Left to right: Aztec (son), Maya (mother) and Inca (daughter).Onlookers mostly stand and admire these beautiful animals from a respectful distance and wonder at their incredibly soft looking skin all the while wishing they could just once, touch it! People do indeed have an almost instinctual fascination with its softness and urge to reach over and even for just a second, experience how it feels. Guanaco fiber is particularly prized for its soft warm feel and is found in luxury fabric. Like their domestic descendant, the llama, the guanaco is double coated with a coarse guard hair and soft undercoat, which is finer than the best cashmere. While it functions as a luxurious item for us, it is a vital survival tool for them. Their thick coat allows it to survive astonishingly high altitudes of up to 3,962 metres (13,000 feet) above sea level.  Not only are they well adapted to the low temperatures but also, the low oxygen levels found high up in the mountains. They achieve this with high levels of hemoglobin carrying red blood cells-one teaspoon of guanaco’s blood contains approximately 68 million red blood clells-4 times that of a human!

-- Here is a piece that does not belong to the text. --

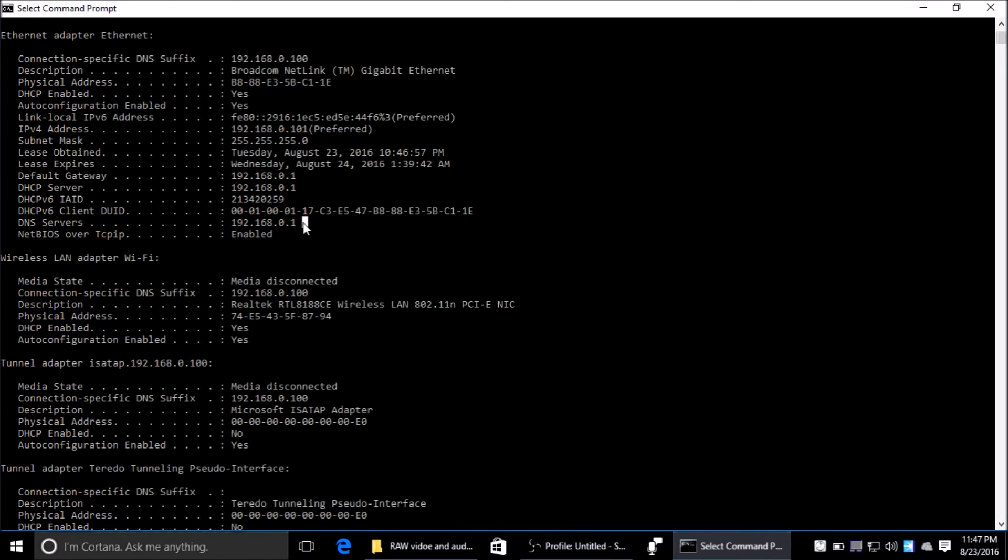So instead of having to remember the IP address of the server where my website is, you just have to remember the name. You type in kobuman.com and get to my website instead of typing the IP address of the server.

They are native to the arid, mountainous regions of Bolivia, Peru, Ecuador, Chile and Argentina, being the largest mammal to be found in South America. They are members of the Camelidae family which originated in
North America some 45 million years ago. The populations that migrated north along the Bering Strait to Africa and Asia can now be recognised as the Bactrian (two-humped) and the Dromedary (one-humped) camel. Those that ventured south through the Panama Isthmus, evolved into the Lamini tribe which is now split into two wild species; the guanaco and vicuña and two domesticated species; the llama (descended from guanaco) and alpaca (descended from vicuña).

While wild Bactrian camels are classified as Critically Endangered by the IUCN Red List, both the vicuña and guanaco are at a lower risk status of vulnerable, the latter showing the most stable population of all wild camelids with current numbers at 500,000.

Fota Wildlife Park’s family consists of a 16 year old mother ‘Maya’ and her two off-spring, a son aged 2 years ‘Aztec’ and a newborn calf only 2 months old ‘Inca’!